2. The 2008 Rate Design Window should be delayed from November 25, 2008 until February 28, 2009 to give PG&E more time to prepare its filings.

3. PG&E should develop RTP rates and make them available to all customers as soon as feasible.

4. PG&E should adopt CPP as the default rate for C&I customers with maximum load greater than 200 kW.

5. PG&E should revise its AMI implementation plans to support default CPP for large C&I customers in 2010 and optional RTP in 2011.

6. PG&E should propose RTP rates for all customer classes after one summer of experience with MRTU as part of its 2011 GRC Phase 2 filed in March 2010.

7. It is reasonable to wait for two full summers of experience with MRTU before implementing RTP.

8. Since RTP needs to be delayed until 2011, PG&E should propose to make CPP the default rate in 2010 for large C&I customers.

9. Requiring PG&E to propose that CPP be made the default rate for large C&I customers in 2010, and requiring PG&E to propose RTP in 2011 is consistent with past Commission decisions.

10. PG&E should file a proposal for a default CPP rate for large C&I customers by February 28, 2009 with an effective date on or before May 1, 2010.

11. It is reasonable to subdivide commercial and industrial customer with maximum load less than 200 kW into two subgroups: those with maximum demand between 20 kW and 200 kW, referred to as medium C&I, and those with maximum demand below 20 kW, referred to as small commercial.

12. TOU should not be the default rate for medium C&I and small commercial customers.

13. TOU with CPP should be the default rate for medium C&I and small commercial customers.

14. It is reasonable for PG&E to provide a customer with maximum load less than 200 kW 12 months with a new advanced meter to observe its usage before moving to a default time-differentiated rate.

15. PG&E should offer optional RTP to all customer classes at the same time it is introduced for large C&I customers.

16. PG&E's proposal should not offer non-time-differentiated rates to any C&I or agricultural customer with maximum load less than 200 kW after the customer has had a new AMI meter for 12 months, starting in 2011.

17. PG&E should propose to make TOU with CPP the default rate for medium C&I and small commercial customers starting in 2011.

18. It is reasonable for the Commission to adopt default rates for customers based on their metering capability.

19. A CPP rate should be a TOU rate with an additional critical peak price that is charged during critical peak periods.

20. PG&E should revise its CPP rates for medium C&I, small commercial, and residential customers so that the CPP rates include TOU rates during non-critical periods.

21. Large agricultural customers should generally have the same rate options as large C&I customers.

22. PG&E should propose implementing default CPP for large agricultural customers one year after large C&I customers to allow more time for customer outreach and education.

23. A.07-12-009 is an appropriate forum to consider PG&E's PTR proposal.

24. The Commission should establish a point in time when residential rate design will be thoroughly examined.

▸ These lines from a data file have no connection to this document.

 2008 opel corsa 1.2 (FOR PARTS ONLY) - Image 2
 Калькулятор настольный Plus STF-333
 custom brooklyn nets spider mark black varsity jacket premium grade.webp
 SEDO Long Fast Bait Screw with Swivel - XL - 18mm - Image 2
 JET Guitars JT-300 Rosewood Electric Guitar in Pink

25. PG&E should not exclude commercial master-metered customers from the dynamic pricing rates that the utility proposes.

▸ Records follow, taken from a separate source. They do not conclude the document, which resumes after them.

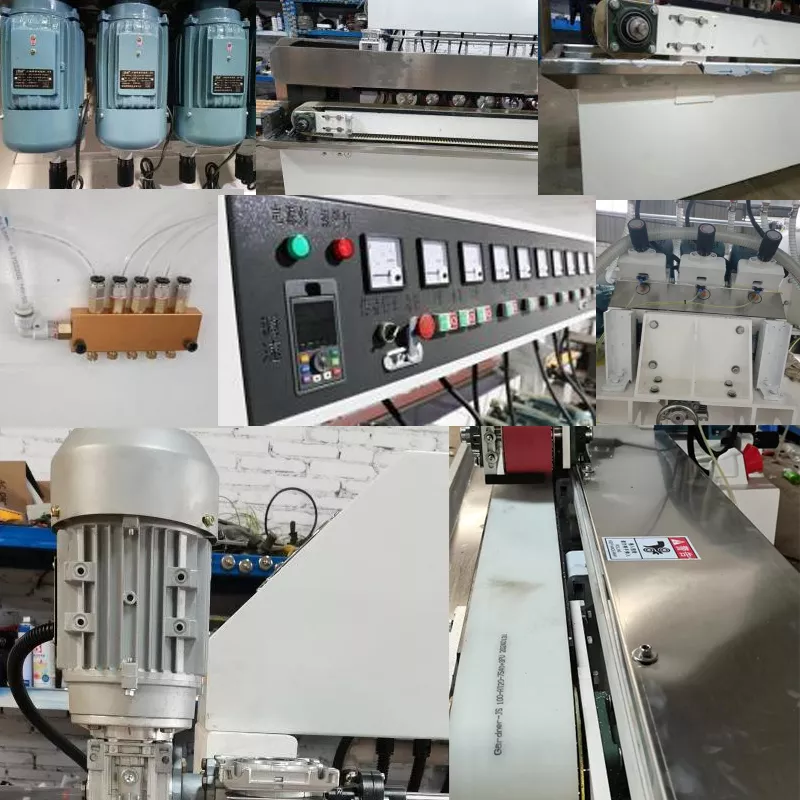 iGOLDENCNC iGA-ES — Echipament de Șlefuire Liniară a Muchiilor de Sticlă 2
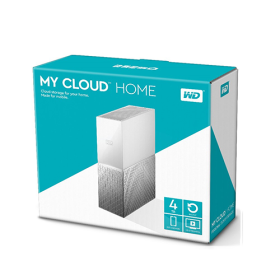 WD 4TB my cloud External hard drive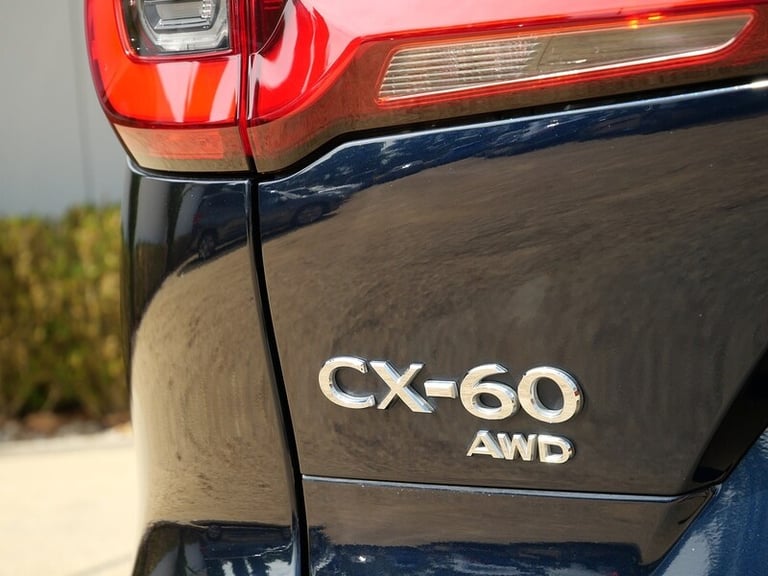 2022 Mazda CX-60 2.5 e-SKYACTIV 17.8kWh Homura SUV 5dr Petrol Plug-in Hybrid Auto 4WD Euro 6 SUV ...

26. It is reasonable to require PG&E to follow the rate design guidance adopted in this decision.

27. Rate design should promote economically efficient decision-making.

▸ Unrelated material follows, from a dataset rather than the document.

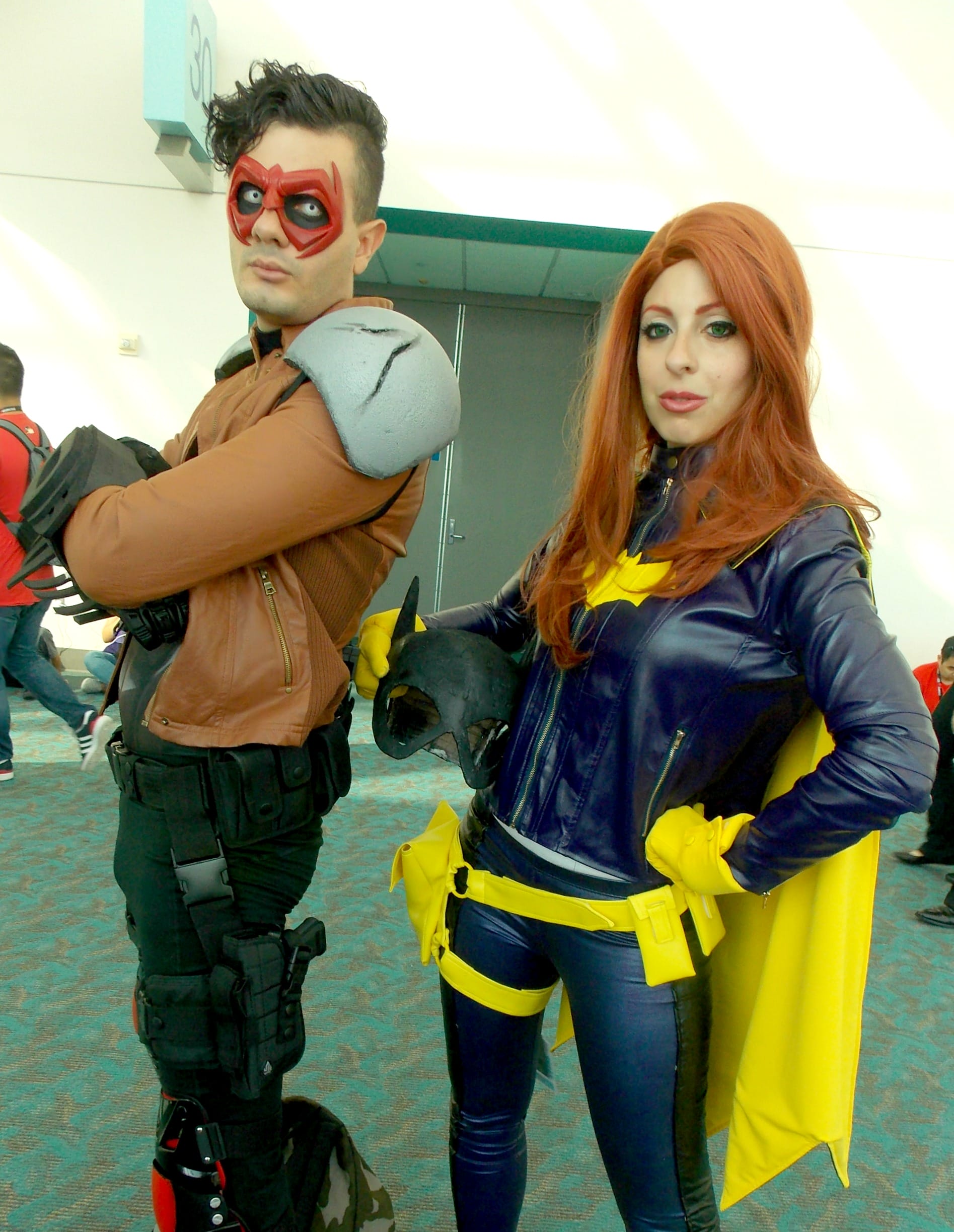 Delightful couples costumes spotted at the 2016 San Diego Comic Con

28. To promote economically efficient decision-making, rates should be based on marginal cost.

29. Other objectives, such as energy efficiency, and legal requirements, such as baseline allowances, should be addressed when designing specific rates, and any deviation from marginal cost should be minimized.

30. Rates should also seek to provide stability, simplicity and customer choice.

31. If customers on a particular rate schedule reduce their usage in a manner that reduces a utility's costs then the customers on that rate should see a commensurate reduction in their bills.

32. Dynamic pricing rates should include a capacity reservation charge, or a similar feature, that allows a customer to pay a fixed charge for a predetermined amount of its load and pay the dynamic price for consumption in excess of the reserved capacity.

33. Customers should have the opportunity to opt out of a default dynamic pricing rate to another time-variant rate.

34. Utilities should offer optional bill protection to customers on default dynamic pricing rates.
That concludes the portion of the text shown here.